An updated approach to underbalanced well design has been developed with a view to enhancing the ability to recover gas to process (pipeline, gas plant, offset well, temporary storage, etc.). With the growing trend towards reducing greenhouse gas emissions, this technique evaluates the range of anticipated operating conditions (gas inflow and wellhead pressures) as a function of liquid and gas injection rates and the productivity index of the reservoir.
Typically, underbalanced drilling projects have been designed to minimize gas injection requirements down the drill string or annulus (concentric injection or parasite injection) for equipment efficiency and erosional considerations. This means that wellhead pressure is typically kept to a minimum, maintaining sufficient pressure to aid in shipping liquids from the separator. An exception to this is where elevated wellhead pressures may be desired to increase bottom hole pressure and reduce inflow from the reservoir, however, the objective in this instance is to control bottom hole pressure.
The typical approach to designing for underbalanced drilling parameters is normally based upon a graph of bottom hole pressure on the y-axis as a function of gas rate on the x-axis.
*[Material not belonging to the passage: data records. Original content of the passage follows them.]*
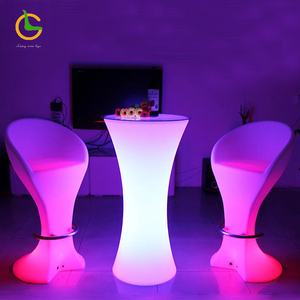 Trang trí <span class=keywords><strong>LED</strong></span> Bar ghế và bảng thiết lập sinh thái thân thiện chất lượng cao khách sạn ngoài trời Vườn bên câu lạc bộ Đêm HiệN ĐạI thanh đồ nội thất - Product Image 6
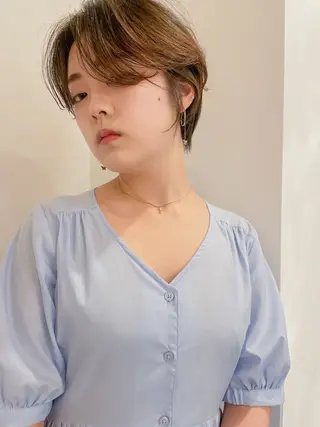 ショート Yusuke ユウスケのヘアスタイル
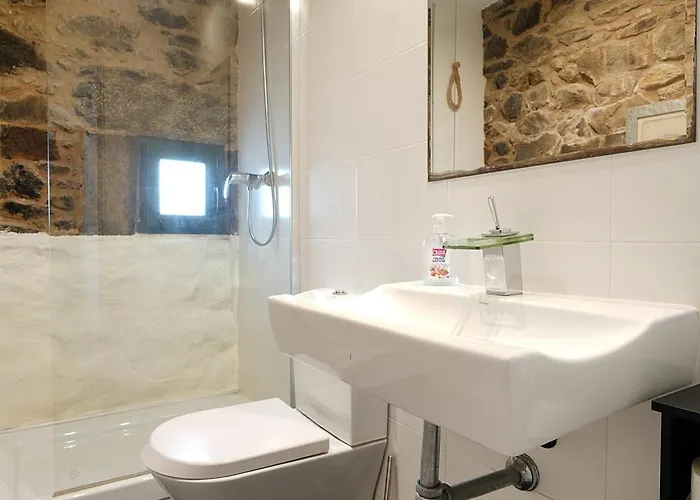 Galihost - Preciosa Casa En Playa De Razo 卡尔瓦略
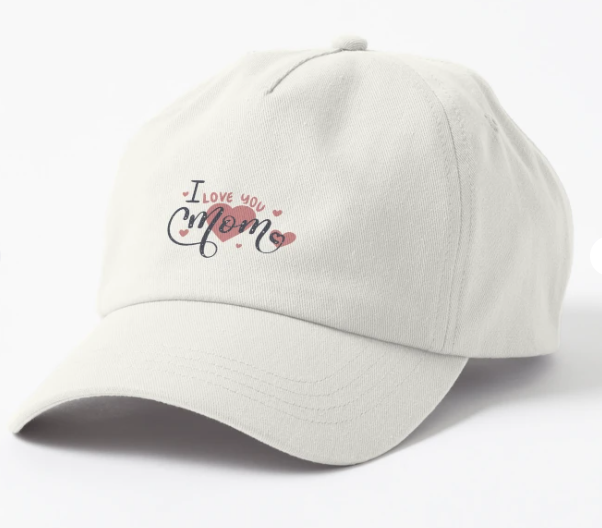 Кепка унисекс Malfini с принтом "I love you mom" Белый (МАМА14К2) Кепка унисекс Malfini с принтом "I love you mom" Белый (МАМА14К2)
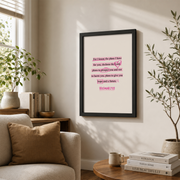 Jeremiah 29 11 Wall Art Pastel Pink Christian Wall Art Christian Bible Verse Print Biblical Wall Art Modern Pink Christian Aesthetic Art NO FRAMED POSTER - Format: Black Framed Poster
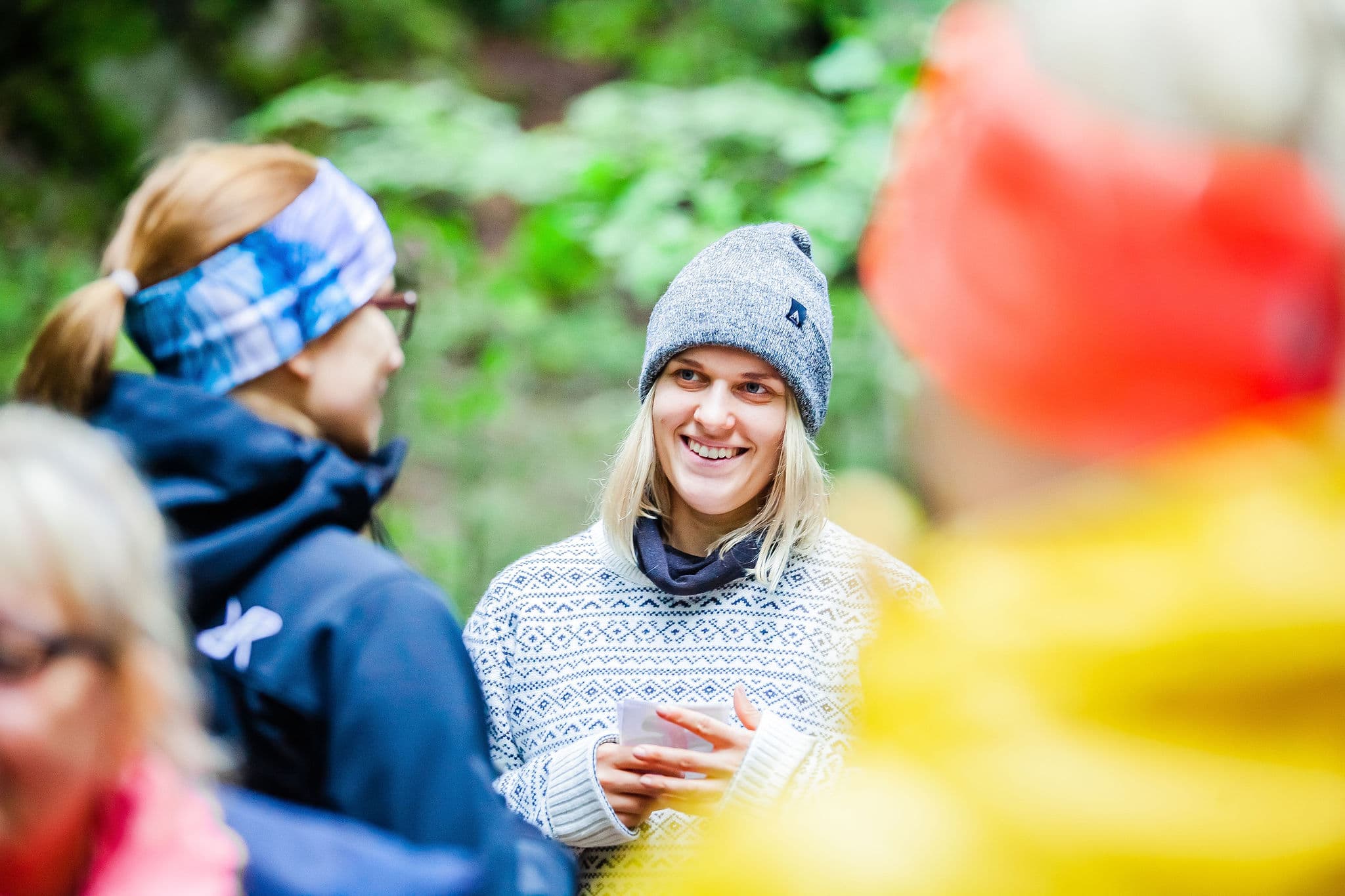 Syklin asiantuntijat vahvistamassa Tampereen varhaiskasvatuksen ulkona opettamisen toimintakulttuuria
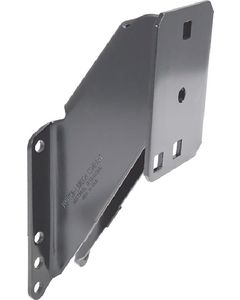 Dutton Lainson 6121 Spare Tire Bracket Black DUT 22121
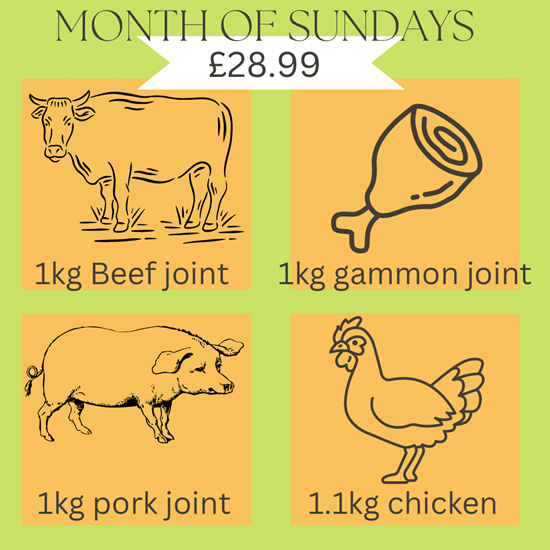 Picture of A Month Of Sundays Special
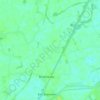 Mappa topografica Kirkhouse Green, altitudine, rilievo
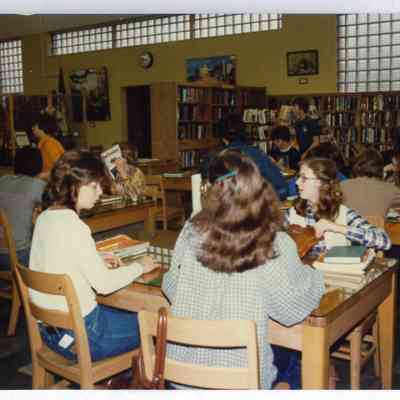 Center Street Library 1979
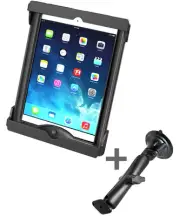 RAM Suction Cup Mount for Galaxy Tab S9, S8, S7, Some S2, S4, 8.9, 10.1, Others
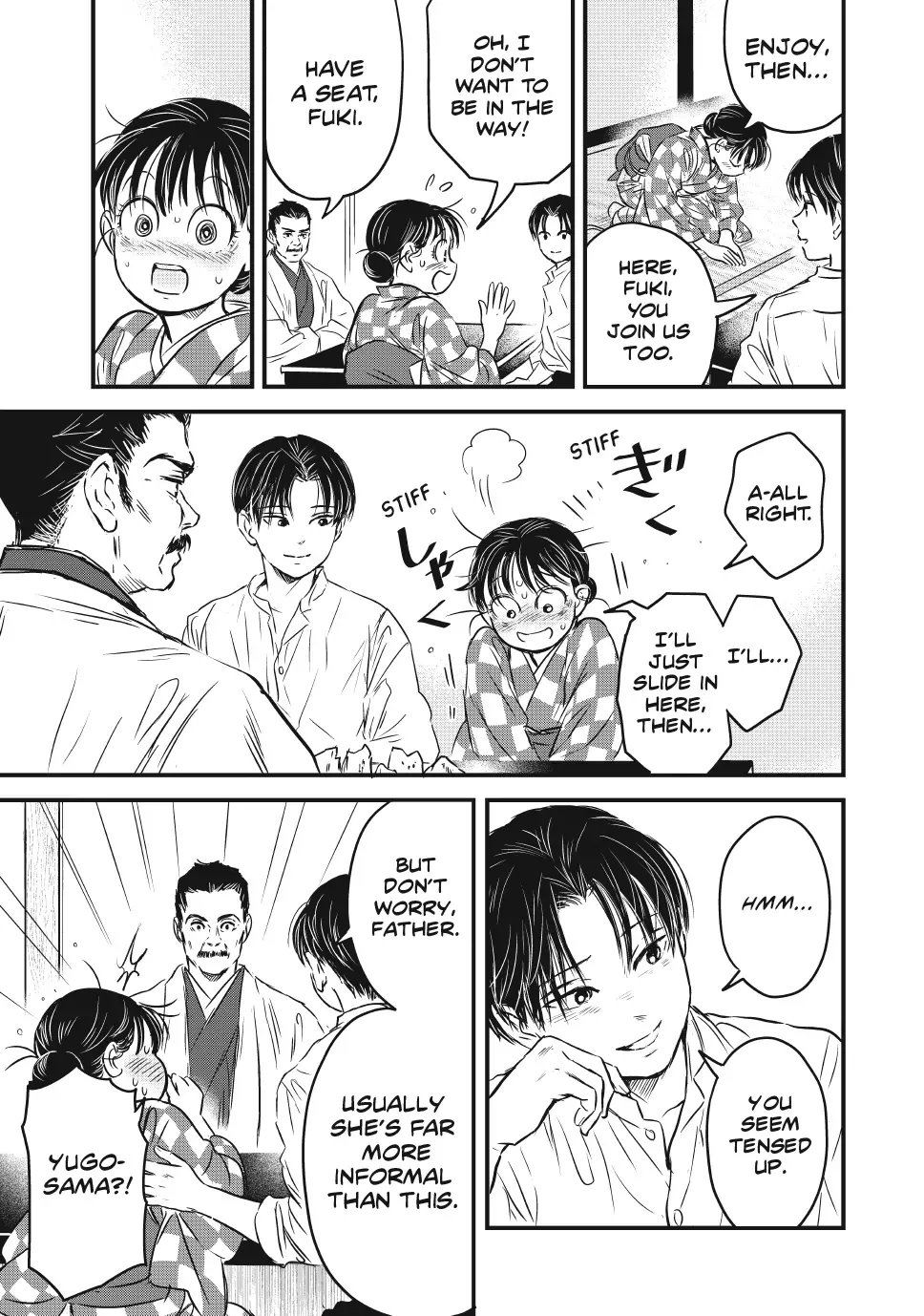The Noble Student and His Cinderella Chapter 23 page 12 - 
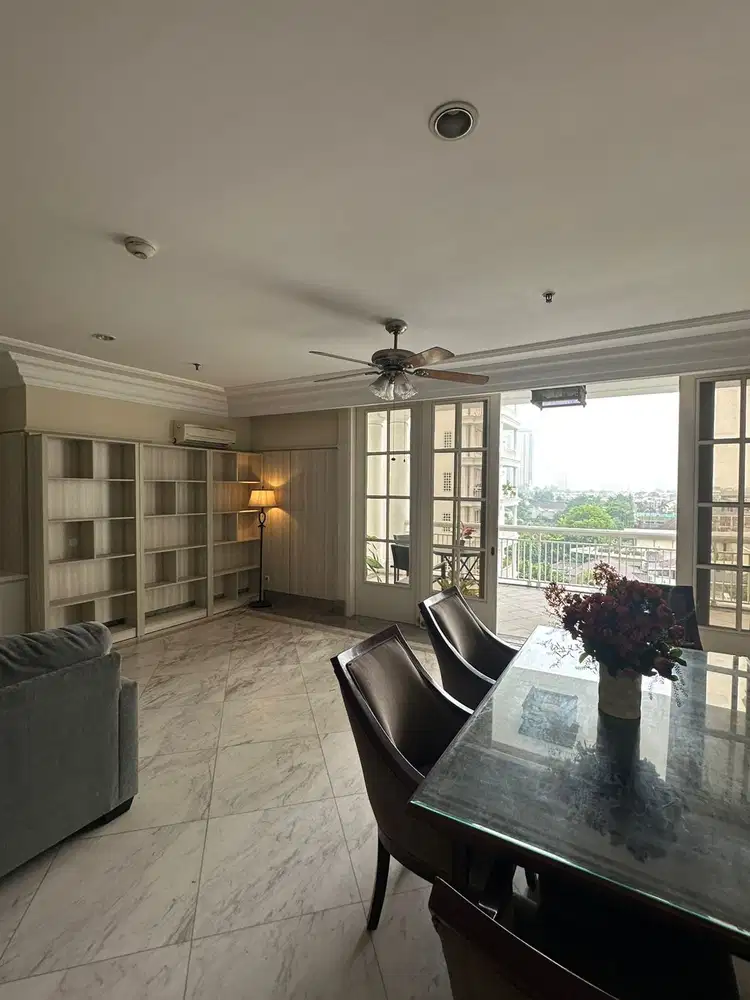 Apartemen Permata Hijau 2BR Gedung Putih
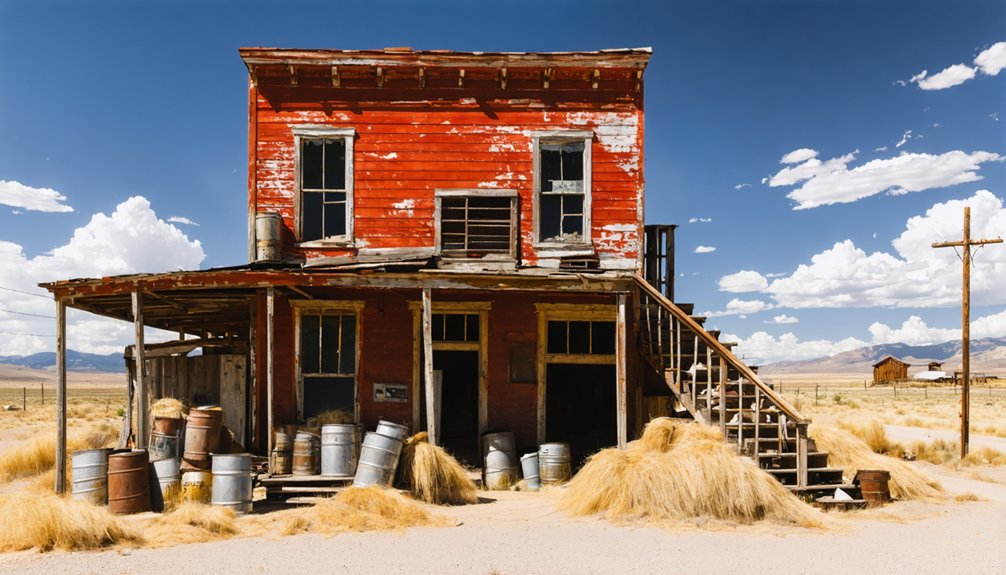 abandoned colorado ghost town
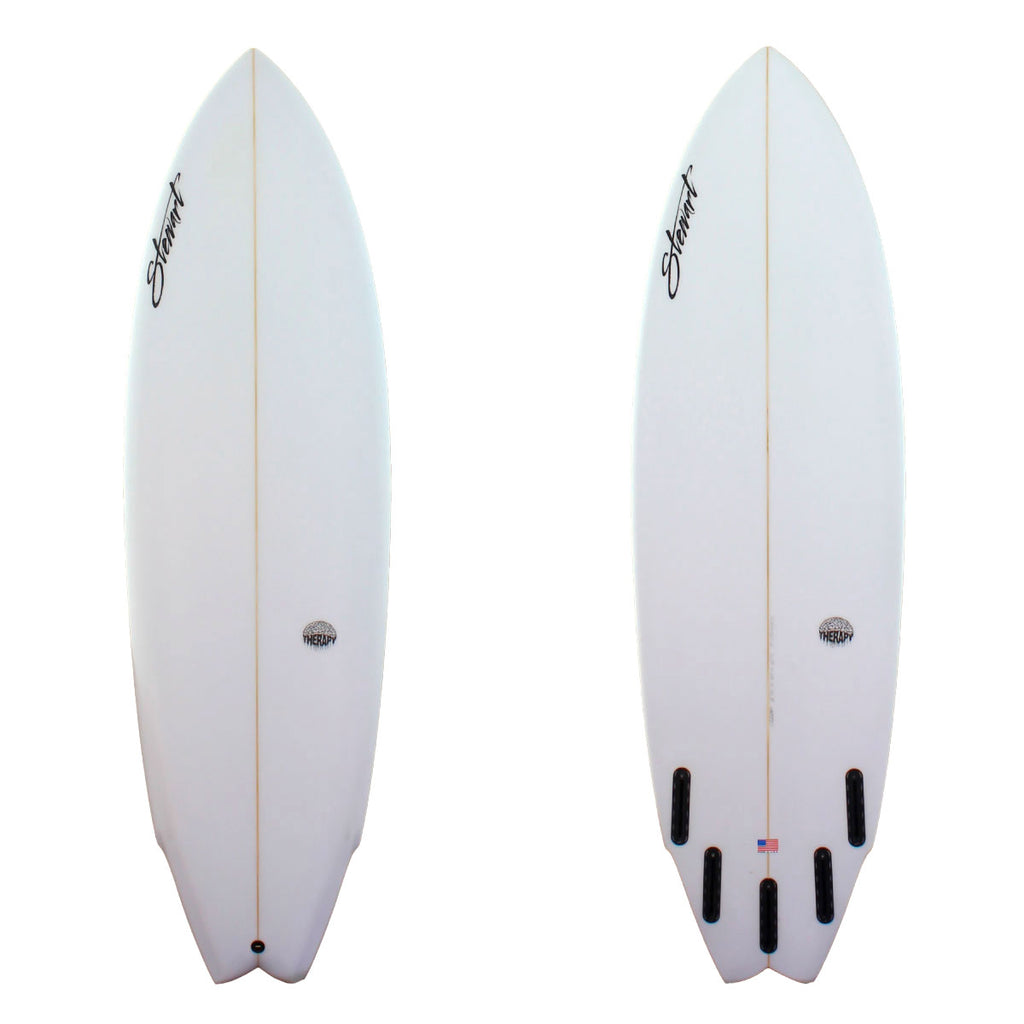 Stewart Surfboards 5'10" Therapy (5'10", 20", 2 1/4") B#122690 POLY
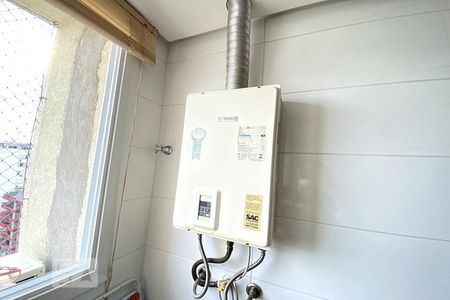 Apartamento à venda com 109m², 3 quartos e 2 vagasLavanderia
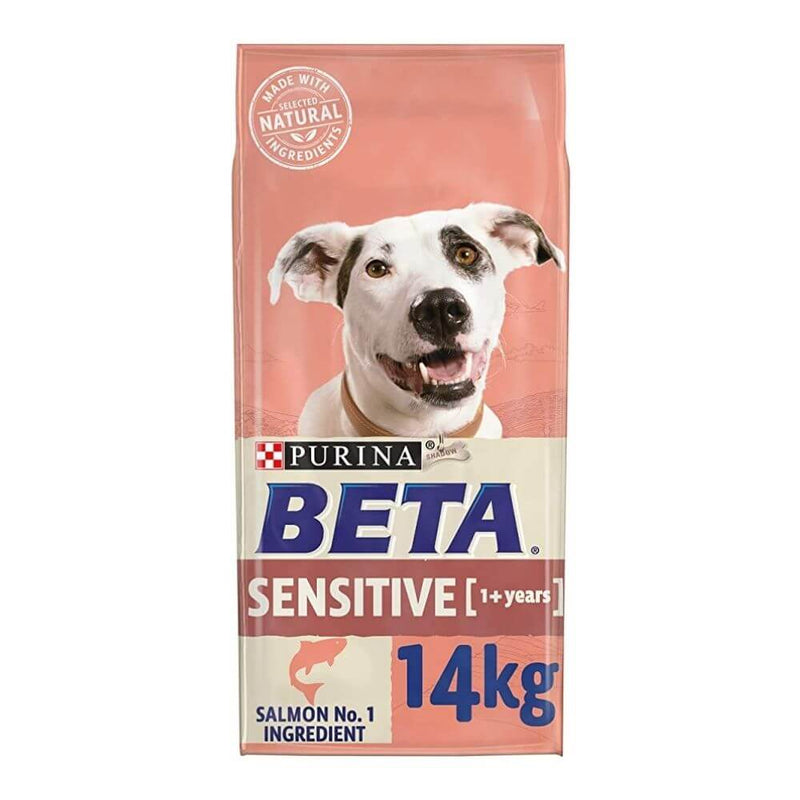 Beta Adult Sensitive with Salmon 14kg - Percys Pet Products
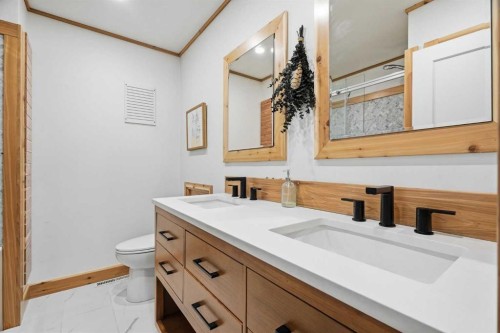 302 Frontenac Avenue Nw, Diamond Valley, AB - Indoor Photo Showing Bathroom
It is usual to overlay the hole cleaning parameters – based upon minimum annular liquid velocity – and minimum and maximum equivalent flow rates through the motor. In addition, the target bottom hole circulating pressure limitations (usually derived as a function of reservoir pressure) define the operating window from which the required liquid and gas injection rates can be determined.
This updated approach addresses many issues such as equipment sizing and expected production rates while drilling through to effective pressure management at surface to aid in well stability. Furthermore, the approach lays down the fundamental groundwork for future underbalanced control algorithms.